Federico Filipponi, director de la empresa de investigación de mercado sostiene: "El comportamiento del consumo hace que iniciemos un año con un arrastre bajo para 2018, con expectativas no mayores a un 1% de crecimiento para el primer semestre".

Una de las principales causantes para que diciembre no continuara con la tendencia positiva de meses anteriores, fue el comportamiento dispar de los diferentes sectores.

Bebidas y cuidado personal, que venían mostrando un comportamiento positivo, finalizaron el mes a la baja, 2 y 5% respectivamente, haciendo que su año cerrara prácticamente en cero. Lácteos continuó presentando una contracción mayor a la canasta, con -5% en volumen para el último trimestre y un año completo con -7% del 2016.

Los sectores que mantuvieron su buena performance durante el trimestre alcanzaron a terminar el año con saldo positivo: alimentos secos con casi 1% de crecimiento y, cuidado del hogar cerró casi un 3% arriba del año anterior, esto en línea con un incremento de precios menor al total de la canasta.

La pirámide social registró un crecimiento homogéneo en el último trimestre.

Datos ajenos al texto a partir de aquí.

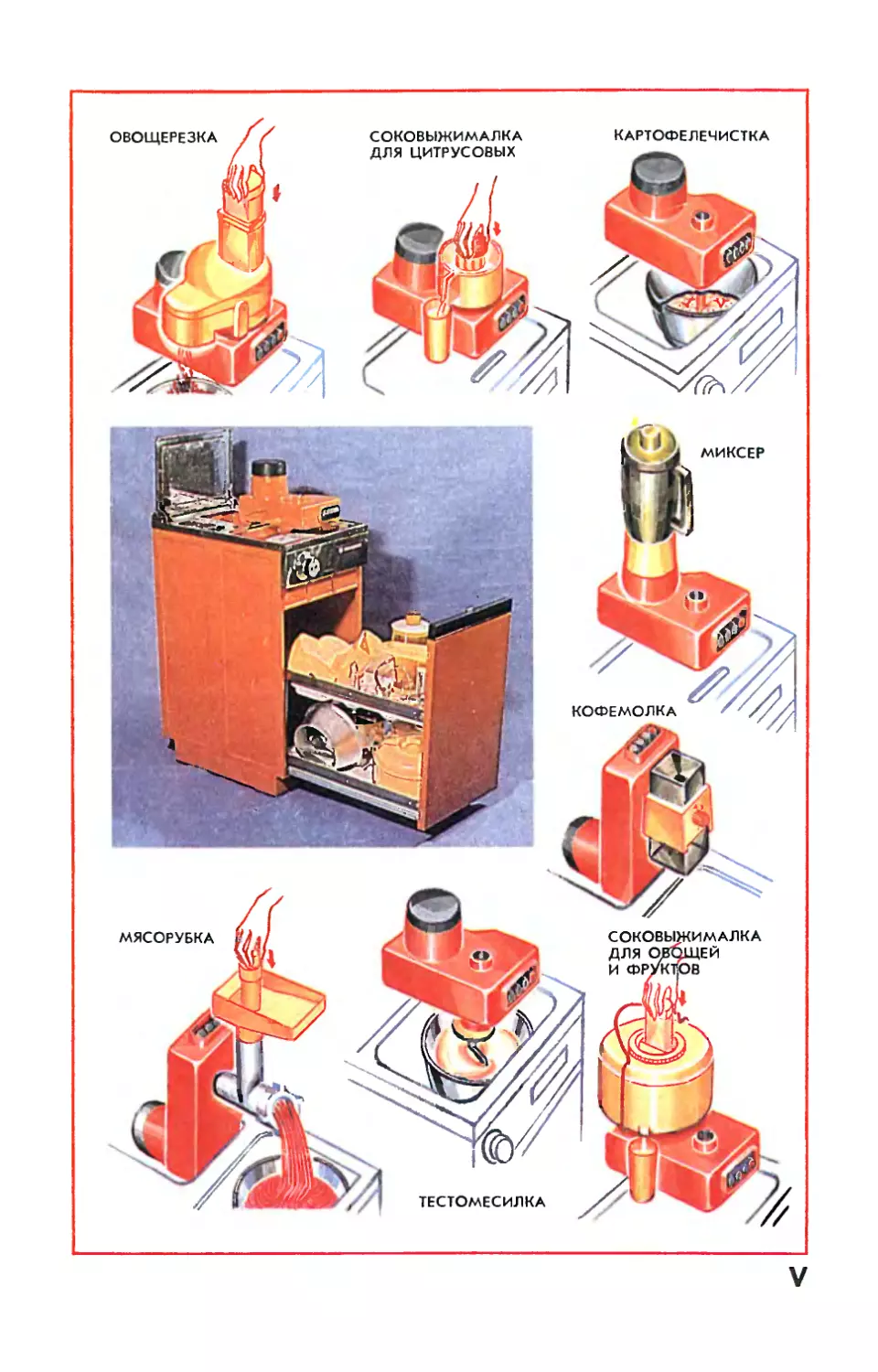 Рис. Э. Смолина — Универсальная кухонная машина \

Kantar asegura que: "El único grupo que tuvo un 2017 positivo en volumen fue el Nivel Socioeconómico (NSE) Bajo Inferior, grupo al que corresponde el 17% de la población, cerrando el año con un crecimiento de 3% con respecto el año anterior".

Pero esos datos no alcanzan para cerrar un año en alza. "Para tener un saldo positivo en la canasta de consumo masivo, es necesario contar con el desarrollo del NSE bajo superior, grupo al que pertenece el 33% de la población y cerró el año con 2% de caída", puntualiza Filipponi.

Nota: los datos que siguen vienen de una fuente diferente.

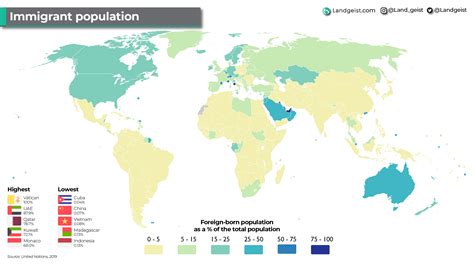 Immigrant Population Landgeist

La región de AMBA a pesar de alcanzar en el último trimestre un crecimiento de 4% fue el motor de la contracción en términos anuales, al finalizar con un descenso de un 2%. Mientras que el interior del país, a pesar de marcar una caída de un 1% en diciembre, cerró el año con igual volumen que el anterior.

En cuanto a los canales, en el cuarto trimestre, el comportamiento se mantuvo con una tendencia similar a lo registrado durante el año, mayorista y almacenes con saldo positivo mientras que los hipermercados, supermercados y autoservicios cerraron el año con una caída en el volumen.

El último trimestre del año se caracterizó por una vuelta a las marcas propias de las cadenas. Fueron los productos de mayor desarrollo en el último trimestre. "Este efecto se da porque los consumidores buscan ahorro en sus compras y dentro de las cadenas, las marcas propias se presentan como una opción para cuidar el bolsillo", concluye Filipponi.